How do you develop such an education program? Take a lesson from your local elementary school, which divides content into separate subjects that educate students from the ground up. Your training program should work the same way.
Here are five classes that will structure your content for data literacy: reading, art, writing, arithmetic, and science.
The first class you’ll teach is reading -- reading and comprehending the data , that is.
If you observe how the education system teaches reading, you will notice that teachers follow a pattern. They start by teaching children words and then they move on to sentences. Once children master the basics of reading and comprehending words and sentences, reading takes on a whole new life, and the focus moves to the identification of themes and patterns -- ultimately leading to children creating their own stories to share with others.
This instructional pattern is the same with data literacy. The first skill you need to teach is how to read data, which includes teaching how to consume the individual data element and make sense of it. It also includes teaching how to identify the difference between categorical, interval, and ordinal data, and how to combine data elements to represent series or patterns. Teaching this skill is the data equivalent of teaching a child how to get meaning from words and sentences.
Once your user base is comfortable with the basics of reading data, then comes the next step -- data storytelling. Users show mastery of this skill when they can spot patterns in the data and combine them with their contextual knowledge of the business to explain what the data means to their peers. As they form narratives from the data, they can effectively communicate with other stakeholders across the business, and the conversation can move from what is happening with the business to a conversation about what should happen with the business and how to achieve that state.

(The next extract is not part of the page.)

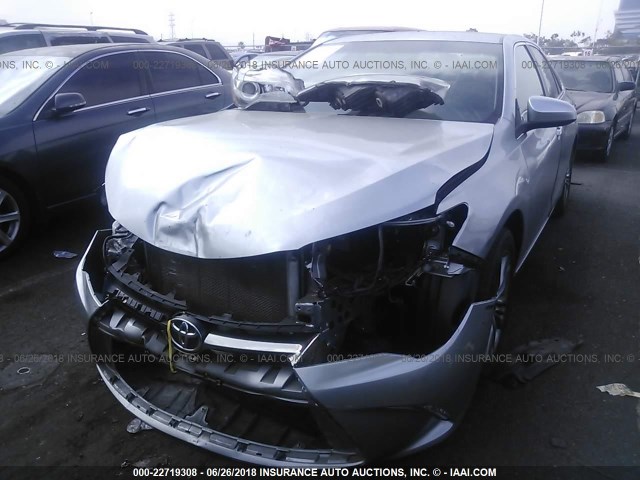 4T1BF1FK3FU497452 - 2015 TOYOTA CAMRY LE/XLE/SE/XSE SILVER photo 2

The next class to teach is art -- both art creation and art interpretation.
Like reading, the educational system is a great model of how children learn about art. In schools, teachers start by teaching kids to do and then evolve to teaching them how to interpret what others are trying to convey through their art.

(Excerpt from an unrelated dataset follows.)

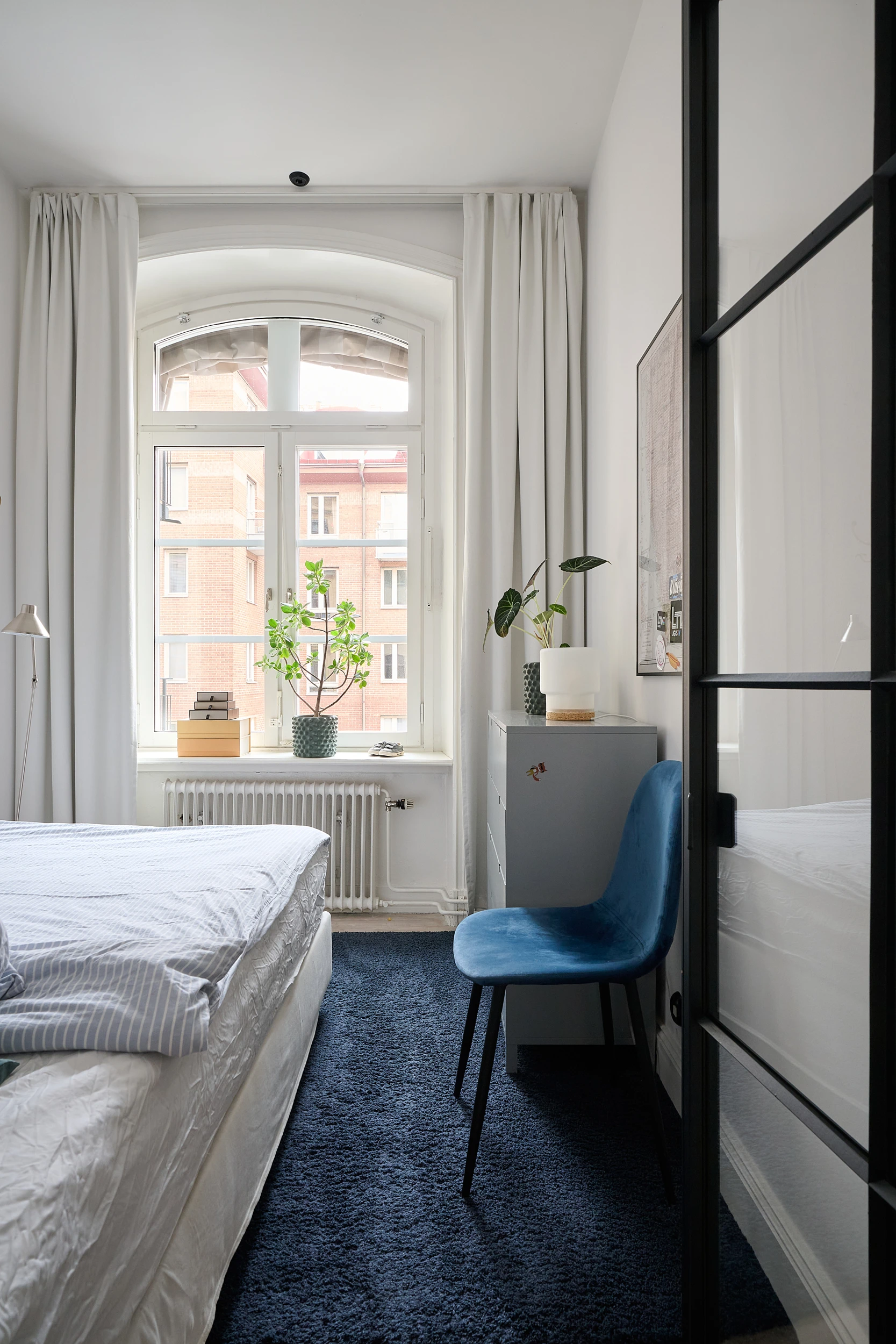 chambre décoration scandinave appartement rénové dans immeuble ancien Stockholm chambre décoration scandinave appartement rénové dans immeuble ancien Stockholm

To start your course, you will need to train your users on how the elements of design are used to communicate data patterns. Charts, graphs, and dashboards are common artistic delivery mechanisms. Instruction will include demonstrating how different elements (such as color, gradient, line, direction, shape, size, and position) can be used independently to represent data or how they can be combined to compactly represent data in ways that words and numbers require much more space to do, as well as being harder to consume.
Once they have mastered the basic design elements, the next step is to teach users how to interpret the results they receive from the analytics team. Your users will likely spend more time consuming this data art than they will creating it -- and the better they are at this skill, the better prepared they will be to utilize the analytics your team delivers. As they take the basics they have learned about the elements of design and how these elements communicate what is happening in the data, they will be able to monitor the health of the business by observing and interpreting your charts, graphs, and dashboards.

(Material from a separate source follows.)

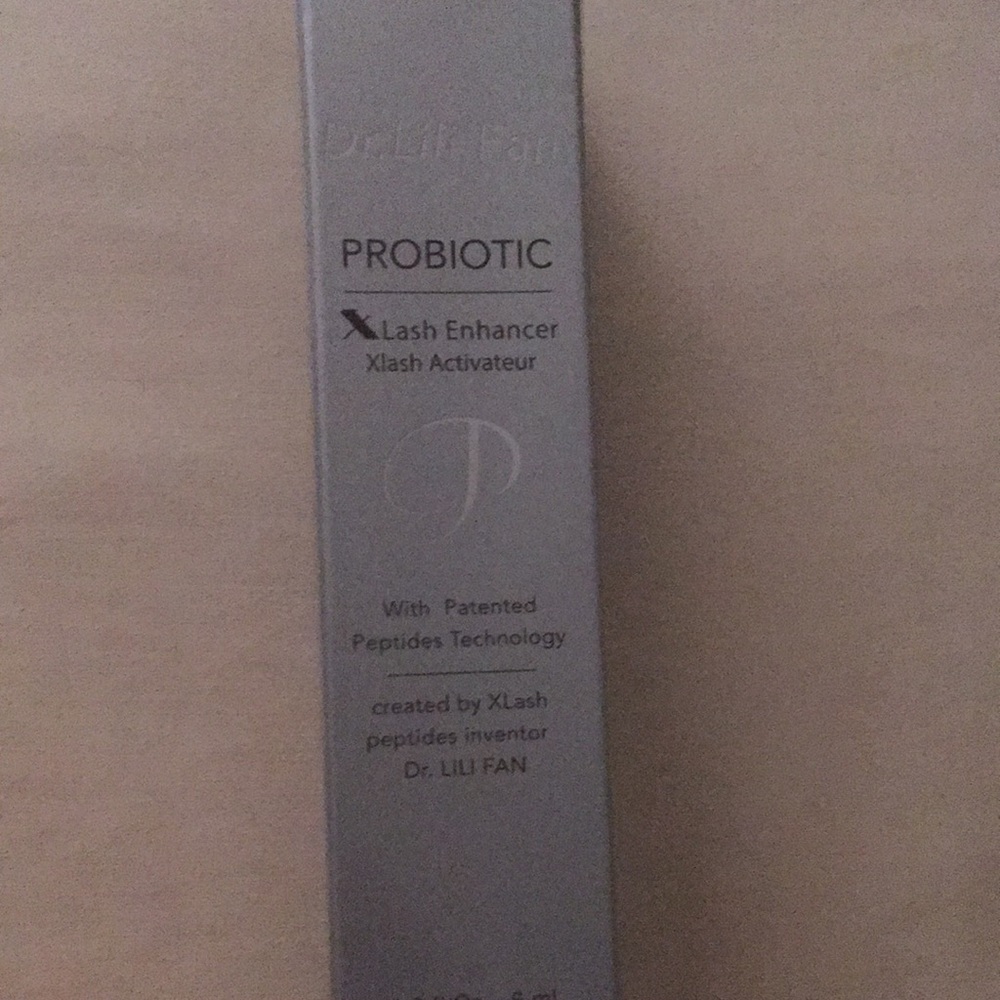 New DR.Lili Fan lash enhancer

The third subject to teach is writing. Writing is about quantifying, in words, ideas to facilitate communication.
Because your business users are experts in their respective domains and your analytics team members are not, it is important that your users be able to communicate their needs clearly and effectively. To facilitate successful communication between the teams, you need to train your users to develop requirements in a way that makes two things evident:
- Users must explain key assumptions and constraints within the business that will have a bearing on how the analytics team develops solutions
- Users must describe what success looks like for the delivered analytics results
Your goal in this course is help your users learn to define and structure good business requirements and learn how to develop effective success criteria for these requirements.
Successful instruction would include providing them with both good and bad examples of requirements, analyzing the components of what differentiates a good from a bad requirement, and having them practice creating requirements of their own to improve their overall effectiveness.
The fourth class is arithmetic or mathematics.
In the education system, mathematics is a fundamental subject taught at every grade level. Each year builds on the year before. Students start with very basic concepts and build upon those year after year until they arrive at higher levels of mathematics. Even moving from primary to secondary and ultimately to college-level education, this trajectory of building on the concepts previously learned to move into higher levels is the norm.
As organizations implement analytics, they utilize all levels of mathematics to extract information from data, but not everyone in the organization needs to understand all aspects of mathematics at the same level. The data analytics team can retain the more advanced elements, but your users do need to have a solid understanding of the basics of mathematics and understand enough of what the analytics team is doing to have confidence in the results.
As the analytics you deliver is the culmination of multiple steps in the ETL process (each with different mathematical transformations), your users need to understand the basics of what these transformations look like and what they do. This understanding builds trust and confidence in the results.
In this course, you can focus on teaching your user base the fundamentals of statistics, such as mean, median, standard deviation, and z-score. Many people have had exposure to these concepts through schooling, but a refresher course on a subject they might not frequently be using can be helpful. You can also review the basics of algebra and geometry, if these methods can help your user base to be more effective at their jobs.
In addition to the basic mathematical transformations performed on the data, you will also want to cover higher order transformations, including such areas as probability and time-based series forecasting, at least at a conceptual level.
As the organization moves into advanced analytics and machine learning, your users need to understand theoretically how these algorithms work to convert data into predictions. The more your users view these processes as a black box, the more distrust they will have of them and suspect the validity of the results. They don’t need to leave this course understanding the intricacies of how to do the math behind these algorithms. Instead, having a basic understanding of how decision trees, neural networks, k-means clustering, or other methodologies work can give them confidence that the analytics team is meeting their business objectives. What topics you teach will be related to the algorithms you use in your analytics and the needs of your business users.
The last course on the docket is science.
As advanced analytics becomes more prevalent as a method of solving complex business problems, organizations are adopting data science practices at an increasing rate. One of the fundamentals of data science is the ability to apply the scientific method to the process of extracting value from data.
The scientific method includes creating a hypothesis, running tests against the hypothesis, and validating the test results. The data analytics team needs to work jointly with end users to determine a reasonable hypothesis and to validate the results to evaluate their accuracy and integrity. Instructing users about this process can help bridge the gap to success.
These hypothesis statements often take the form of “if we do x with the data, we will improve the outcome y in the business.” The testing includes doing x with the data and observing if y happens. Validating the results takes the form of evaluating not only that y occurred, but that the reason that y occurred was because of the changes to x.
In this course, you can teach users how to formulate a hypothesis statement that represents something of value to the business, how to identify what changes need to happen and what data can be leveraged to make those changes, and how to evaluate whether the desired outcome occurs and how to differentiate between correlation and causation in the results.
A Final Word
Because data literacy is a vital element of successful data science projects, it is becoming increasingly important for analytics organizations to focus on improving the capabilities of their user base. To effectively achieve this target, an analytics team needs to structure its training and educate its audience. Focusing on the areas of reading, art, writing, arithmetic, and science provides you a basis for developing an effective training program.